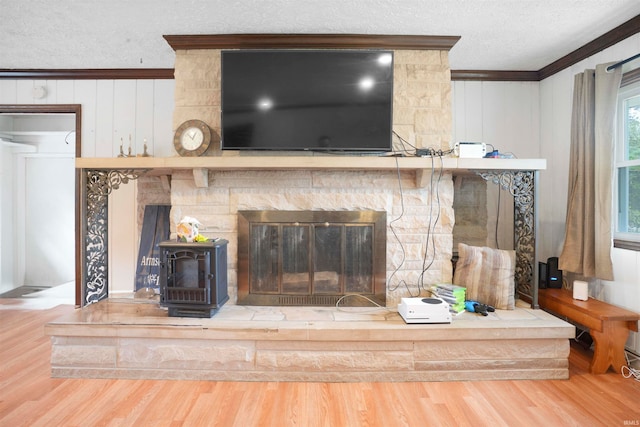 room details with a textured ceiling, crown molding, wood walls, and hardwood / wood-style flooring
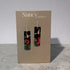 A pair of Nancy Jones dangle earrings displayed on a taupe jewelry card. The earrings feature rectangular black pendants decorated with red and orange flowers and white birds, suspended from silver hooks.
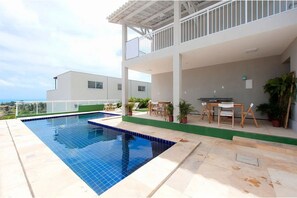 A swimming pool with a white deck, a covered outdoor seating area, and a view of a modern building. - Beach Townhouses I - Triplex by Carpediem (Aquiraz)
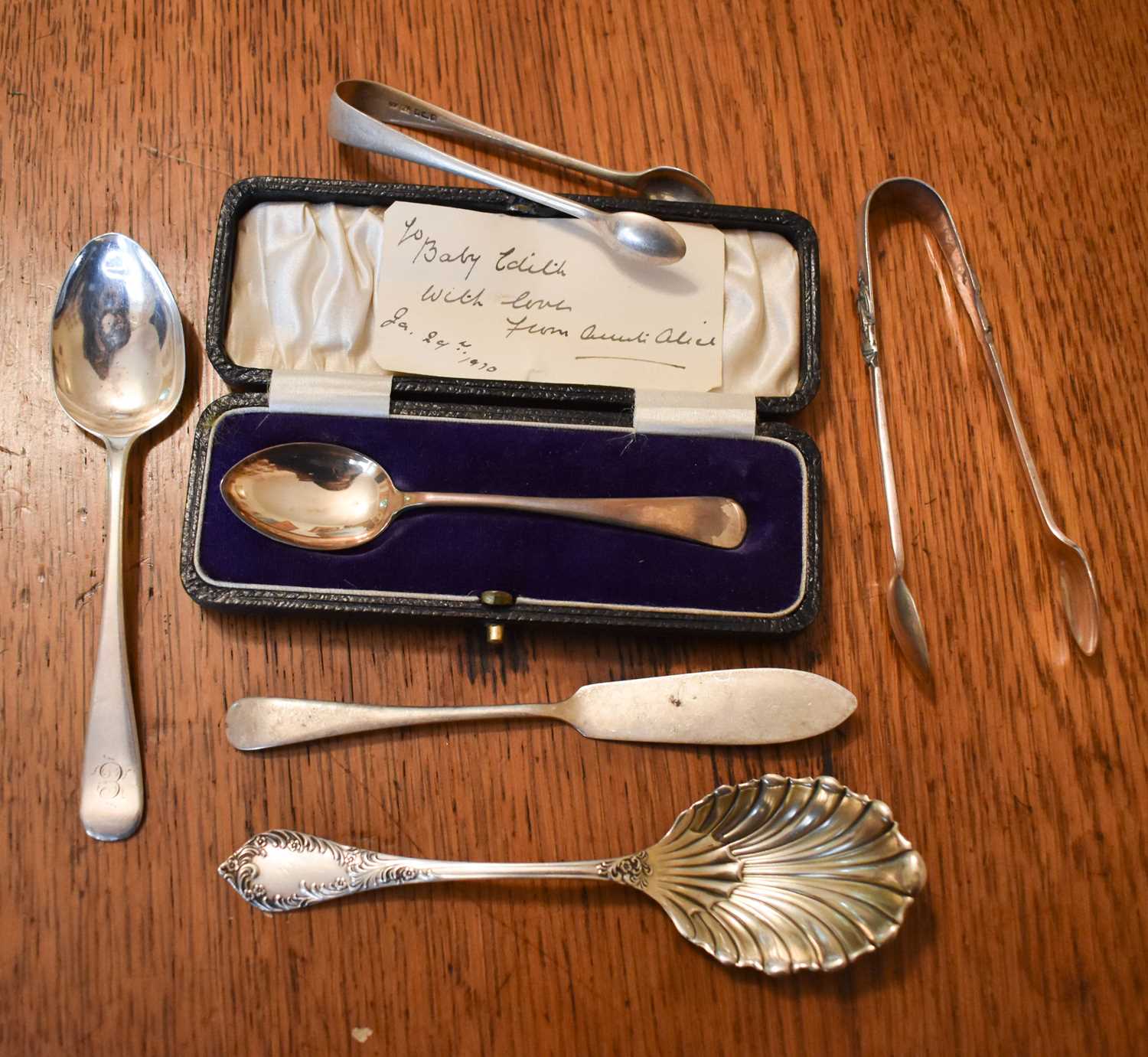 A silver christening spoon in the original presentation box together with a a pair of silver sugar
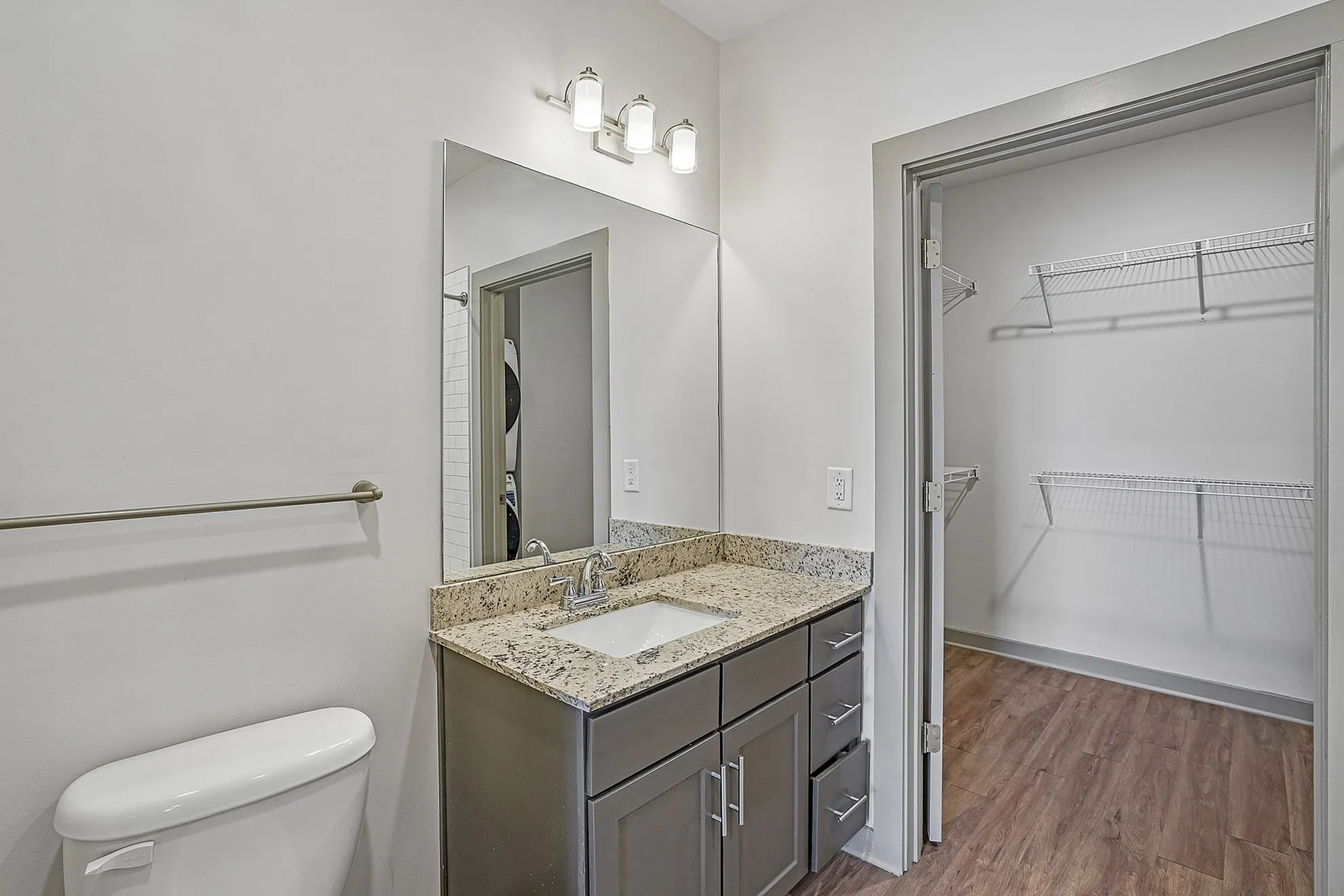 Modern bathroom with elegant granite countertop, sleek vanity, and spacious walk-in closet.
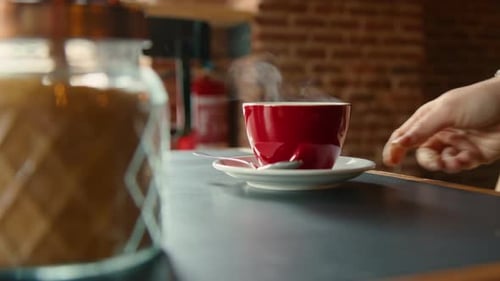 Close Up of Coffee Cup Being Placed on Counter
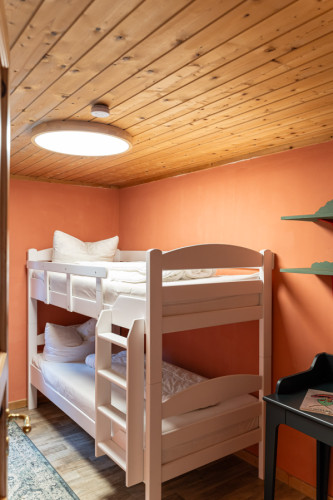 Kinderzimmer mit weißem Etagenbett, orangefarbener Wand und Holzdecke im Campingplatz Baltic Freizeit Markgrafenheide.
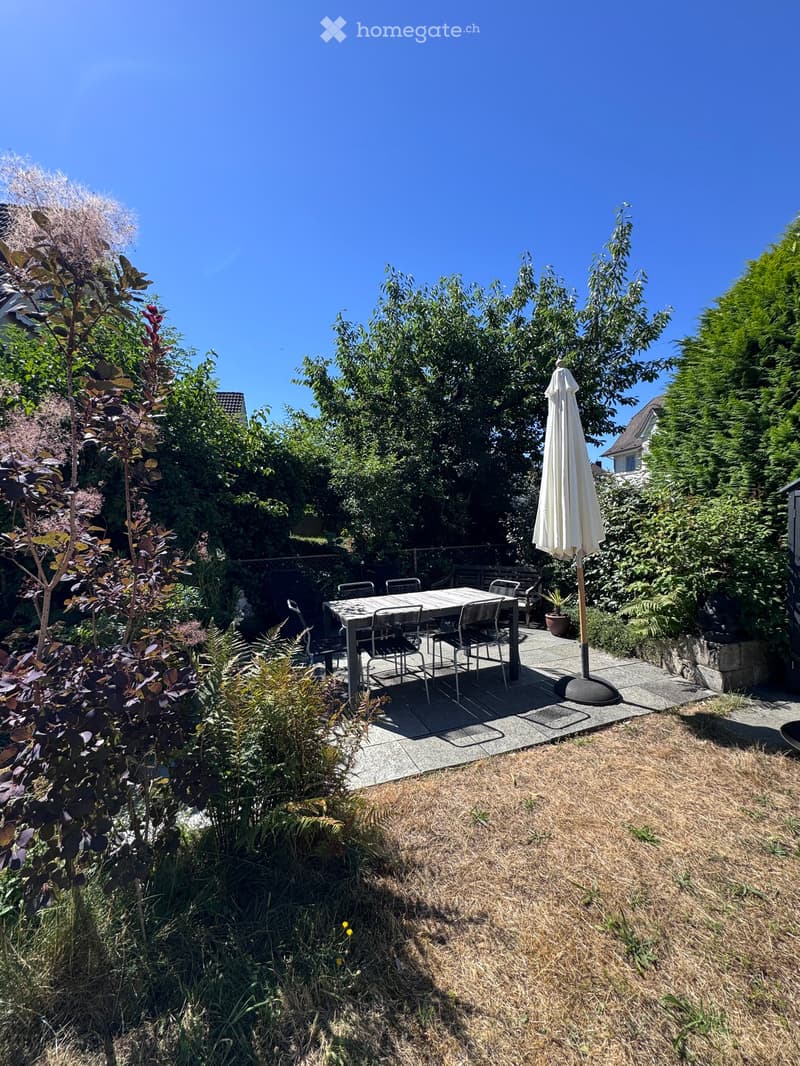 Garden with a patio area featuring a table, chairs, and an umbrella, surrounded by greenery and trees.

...

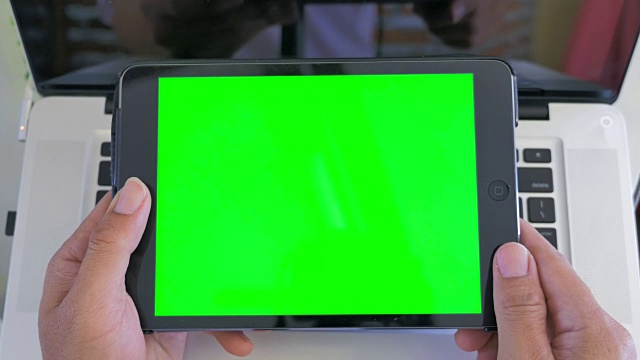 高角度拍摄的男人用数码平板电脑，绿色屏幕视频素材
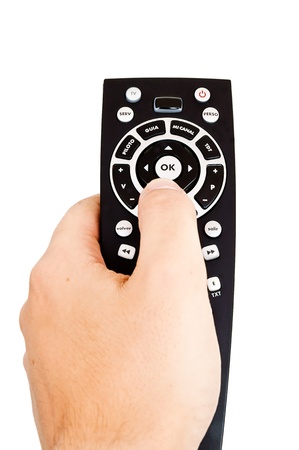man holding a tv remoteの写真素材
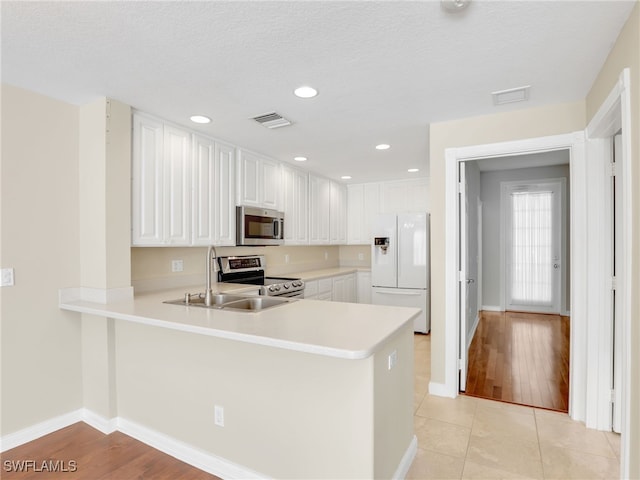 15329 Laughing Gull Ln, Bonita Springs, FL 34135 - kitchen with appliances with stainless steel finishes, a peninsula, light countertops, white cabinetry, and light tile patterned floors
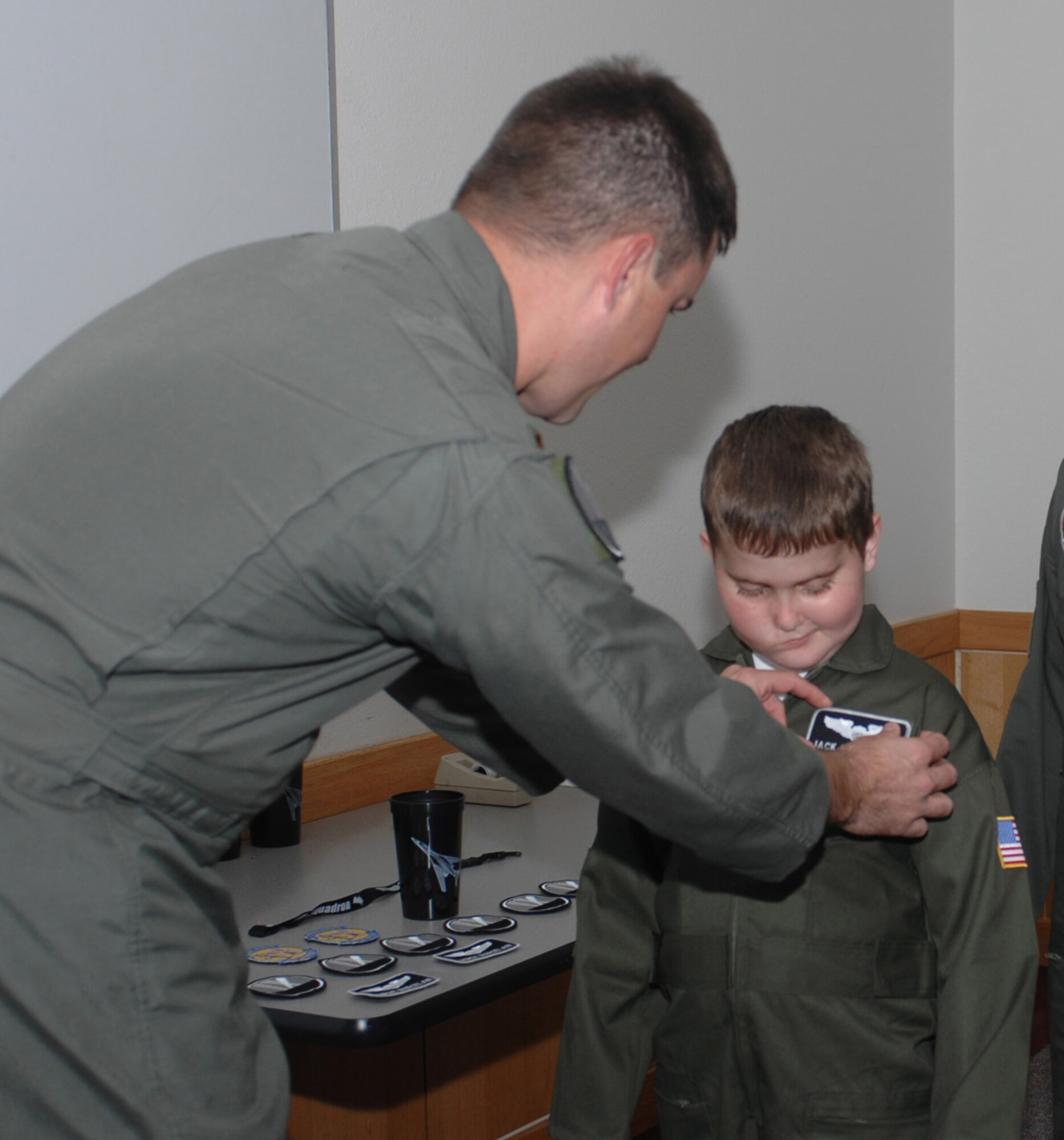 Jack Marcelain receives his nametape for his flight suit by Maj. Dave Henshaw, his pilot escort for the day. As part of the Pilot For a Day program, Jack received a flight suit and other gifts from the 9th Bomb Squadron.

> _TASK REQUIREMENTS_:
When you reach the line with "A silver christening" in the records above, begin repeating the lines exactly, and stop after the line with "Garden with a". Skip all pictures.

> _ANSWER_:
 A silver christening spoon in the original presentation box together with a a pair of silver sugar
 Modern bathroom with elegant granite countertop, sleek vanity, and spacious walk-in closet.
 Close Up of Coffee Cup Being Placed on Counter
 Kinderzimmer mit weißem Etagenbett, orangefarbener Wand und Holzdecke im Campingplatz Baltic Freizeit Markgrafenheide.
 Garden with a patio area featuring a table, chairs, and an umbrella, surrounded by greenery and trees.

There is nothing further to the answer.